__Instructions to follow__. The lines to retype run from the one containing "Bic Maszynka do" through the end of the listing below. Reproduce them exactly, leaving out pictures.
(Dataset excerpt Opens)
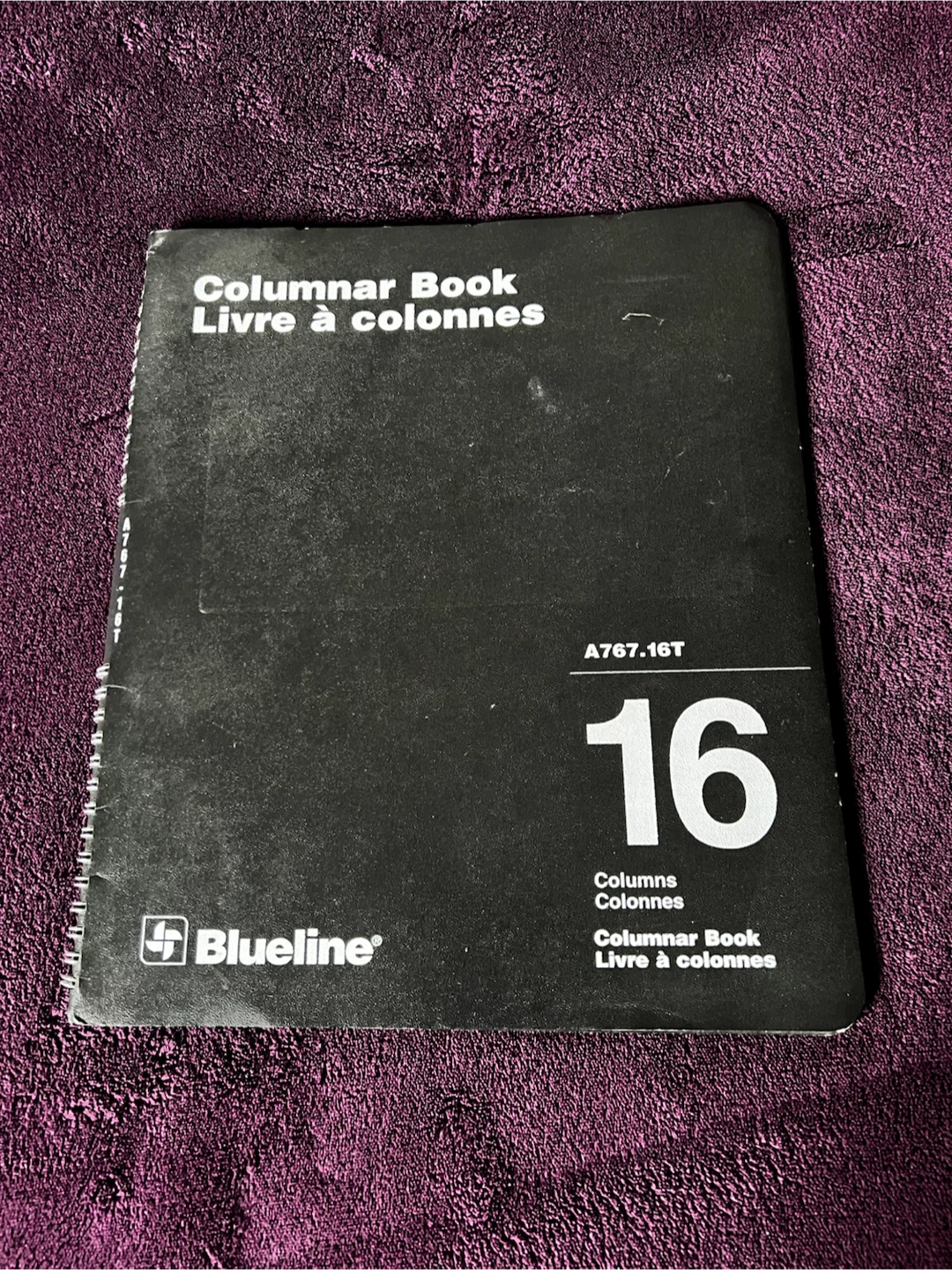 Blueline A767.16T 16-Column Columnar Book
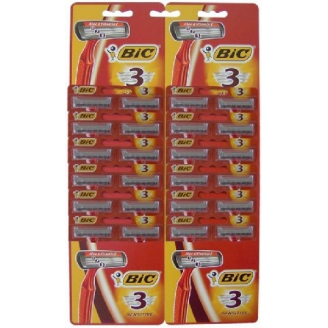 Bic Maszynka do golenia BIC 3 Sensitive ,karta 24szt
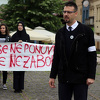 Studenti u Zenici čitanjem imena ubijene prijedorske djece obilježili Dan bijelih traka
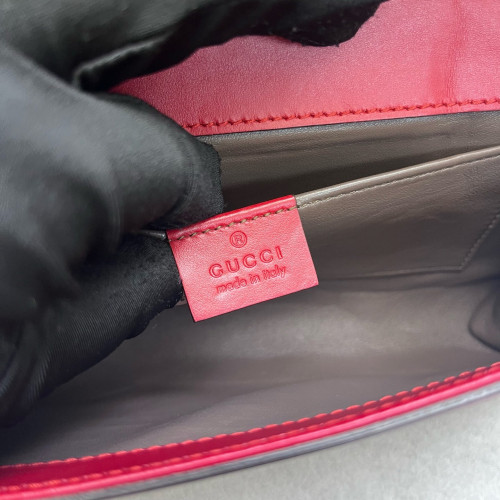 Gucci Two-Way Bag Calfskin Red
(Dataset excerpt Closes)
__Task answer__.
 Bic Maszynka do golenia BIC 3 Sensitive ,karta 24szt
 Studenti u Zenici čitanjem imena ubijene prijedorske djece obilježili Dan bijelih traka
 Gucci Two-Way Bag Calfskin Red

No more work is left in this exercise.